Bad news for all you car aficionados, your passion may be going out of style rather quickly. Self-driving cars are not just a part of the future; they’re very much a part of the present. The technology exists, and once they navigate through the mess of regulation and red tape to get on the road, you can expect them to quickly become the norm. Self-driving cars will fundamentally change our relationship with the automobile. Sure, some people will want to buy their own, especially if they live in rural or distant suburban areas, but car ownership for urban dwellers will become kind of a joke. Why waste tens of thousands of dollars on a personal car when there is a swarm of self-driving taxis that are constantly circling the city (with significantly cheaper fare compared with human cab drivers who need to make a living)? Urban residents of tomorrow won’t own cars, they’ll just rent them.

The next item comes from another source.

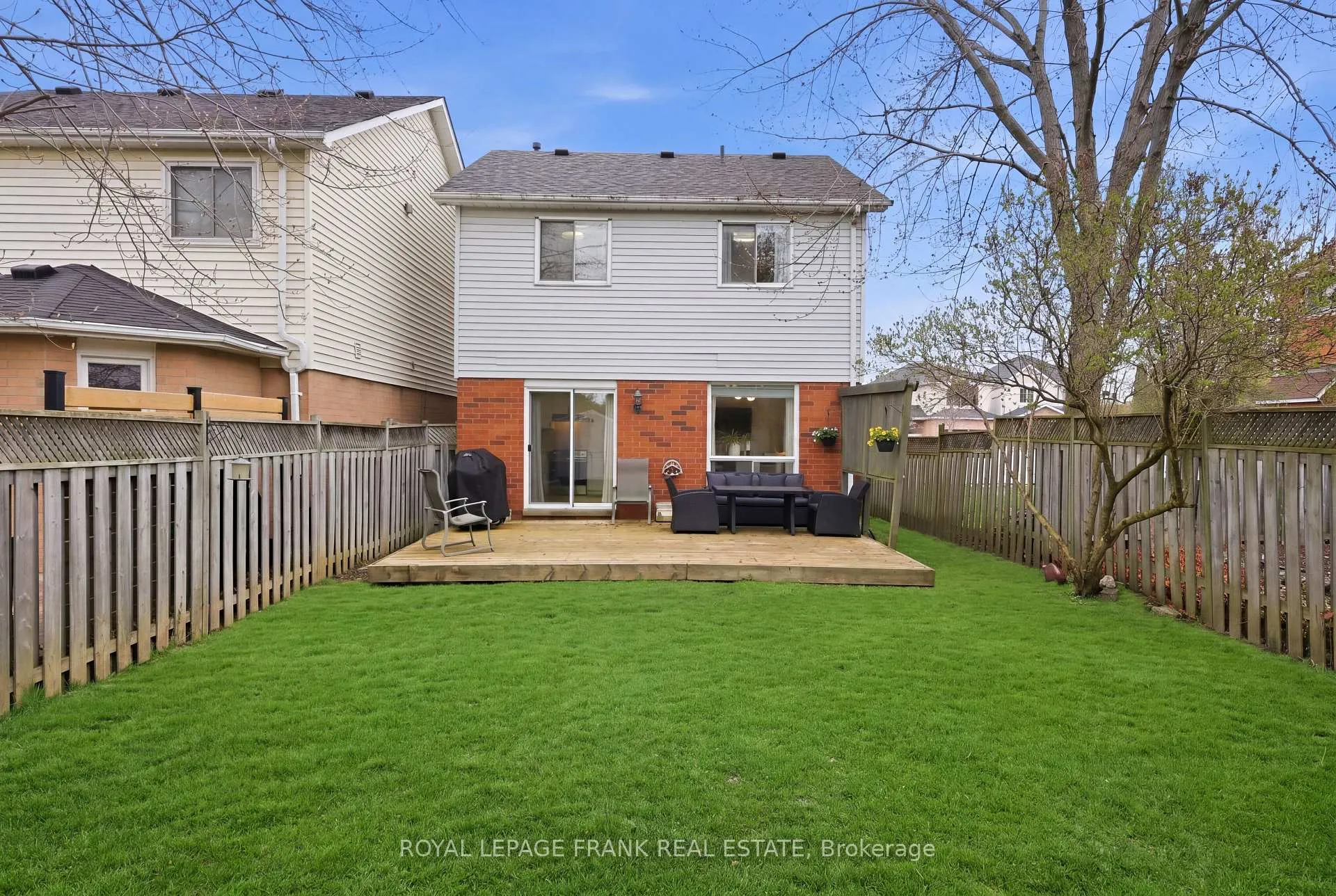 Photo 30 of 9 Brownstone Crescent, Clarington, Courtice — HOMEH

2. The Internet (as we know it)
Lower your arched eyebrow, there’s a good explanation here. The present Internet experience is centered around us navigating a browser or a GUI on a screen, but that isn’t really what the Internet is. The Internet is connectivity, and that connectivity doesn’t’ have to be driven by the human hand. The perfect example is Google Now and Siri on your smartphone; it gathers and collects information on how its user’s habits and location data, and then compiles and analyzes that information to give you suggestions. This is a prequel to the ‘internet of things’, connectivity between objects, the creation of the ‘smart’ everything. For children born today, the divide between the physical and digital world won’t be a screen – the divide won’t exist. Nearly everything will be connected to the Internet, at all times.
1. The Human Monopoly on Intelligence
Admittedly, this one is a bit out there, but not as out there as you might initially suspect. The concept of artificial intelligence reaching a human level of intelligence is known as the singularity, and there is extensive research and discussion on the topic online. When the singularity arrives, humanity is no longer the only known intelligent form of life in the universe – we’ll have to share that stage with our AI creations. This, obviously, opens a massive can of worms. The AI beings will, over time, become vastly more intelligent than we are. Do we hand over the reins of our society to them? Do we even consider them people? Is biological life the only legally valid form of life? No one has a clue, and as a society we aren’t giving it nearly enough thought. Current estimates for when the singularity will occur range from 2017 to 2112, but the median date appears to be 2040. With that estimate, a baby born today will be 26 when he or she is replaced as the dominant form of intelligence on the planet. It’s a strange proposition to be sure, but given the exponential growth of processing power and technology, it’s one that we should be preparing for.